In the first reading, Moses’ brother and sister, Aaron and Miriam, resent their brother’s status in the community as God’s sole messenger. Jealousy and envy can tear families apart, said Archbishop Chaput. Yet forgiveness and reconciliation are powerful agents of healing.
“We are called to love and serve one another and to see the gifts and talents of our family members as gifts from God that can enrich us all,” he said. “We must ask God to restore our families in love, and teach us to be more forgiving, and to cherish and nurture the unique gifts of others.”
In the Gospel, the Apostles caught in the boat during the storm symbolize the family of the Church, which is at times rocked by scandals from within and attacks from without, the archbishop continued. Yet after praying throughout the night, Jesus comes to them walking on the water to rescue them. He then shows his special relationship with the chief Apostle, Peter, whom he calls and supports in the storm.
From this account, the archbishop concluded, we can be confident and comforted that Jesus will not abandon his Church and that he holds a special place for the pope, the successor of Peter. All of these facts should give those in the Church, the bark of Peter, faith, courage and consolation as they face the cultural storms of today, he said.
After Mass, Archbishop Chaput inaugurated the Knights of Columbus’ new Holy Family Prayer Program, which features an etching of the Holy Family by the 18th century artist Giovanni Balestra. While the Order’s state deputies held framed copies of the image, the archbishop blessed and dedicated them. The state deputies will bring the images back to their jurisdictions for prayer services to be conducted in all their councils over the next few years.

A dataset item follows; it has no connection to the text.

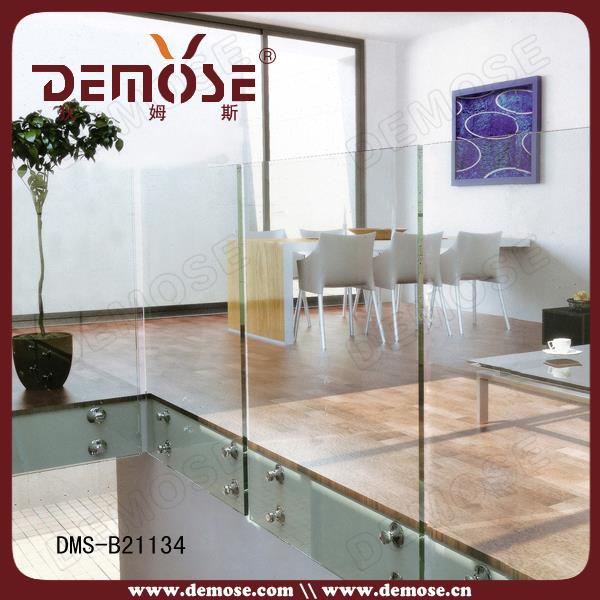 installation de garde-corps en verre sans cadre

The venue for the Mass and other convention events, like the city of Philadelphia itself, is a mix of the new amid the historic. Running three blocks long and as many blocks wide in the downtown area, the Pennsylvania Convention Center was constructed within the Late Renaissance façade of the Philadelphia & Reading train depot, which was opened in 1893 and served as an active transportation hub till the 1980s. The entrance to the convention center passes through the old terminal train shed, now converted to the facility’s grand hall, which features a 509-foot high, single-span arched roof, with its sturdy iron grill work showing.